Hal tersebut sudah terbukti. Salah seorang penceramah dalam satu
kesempatan bilang bahwa corona adalah tentara Allah. Tentu pernyataan
ini tidak benar, tetapi tetap saja disampaikan, sebab ia sesuai dengan
keyakinan personal sang penceramah.
Sebab, jika memang benar bahwa corona adalah tentara Allah, maka tentu
ia hanya akan menyerang musuh-musuh Allah. Namun, faktanya, wabah ini
menyerang siapa saja, tak peduli apa suku dan agamanya. Apakah umat
muslim seperti di Iran, Arab Saudi, Bahrain, Malaysia, dan juga
Indonesia yang terkena corona juga termasuk musuh Allah? Tentu akan
sangat menyakiti sesama muslim jika penceramah tersebut berani menjawab
'iya'.
Terlepas dari soal etis atau tidak dalam melabeli seseorang sebagai
musuh Allah, hal yang sangat memilukan dari pernyataan tersebut adalah
ketiadaan sikap ilmiah: sebuah sikap yang lebih menghargai upaya empiris
dan rasional daripada praduga-praduga simplistik yang serampangan dalam
menjelaskan dan menyelesaikan persoalan.

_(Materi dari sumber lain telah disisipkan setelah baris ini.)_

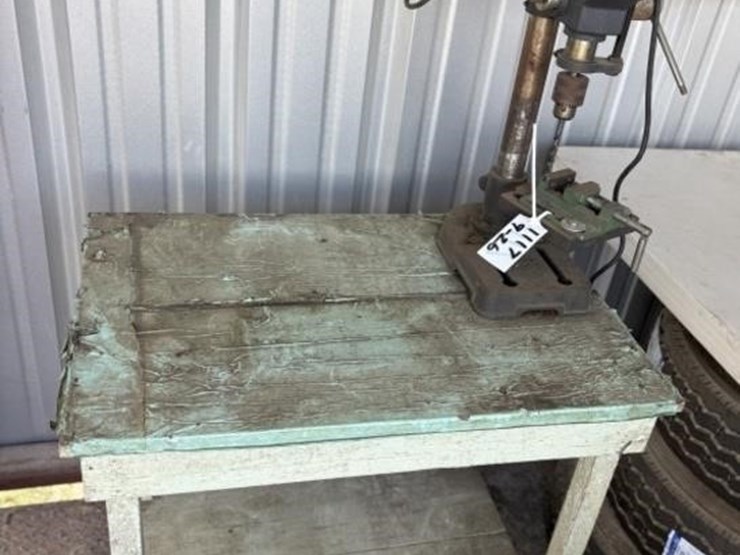 sl---sears-craftsman-8''-drill-press-image-1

Karena tiadanya sikap ilmiah
inilah, kemudian muncul pernyataan-pernyataan lain yang lebih konyol,
seperti corona adalah azab Allah atau corona bisa ditangkal dengan doa
qunut.
Itulah sikap antisains yang bisa jadi justru lebih berbahaya daripada
corona itu sendiri. Sikap antisains lainnya yang ditunjukkan oleh
sebagian umat beragama belakangan ini adalah sikap tidak takut corona.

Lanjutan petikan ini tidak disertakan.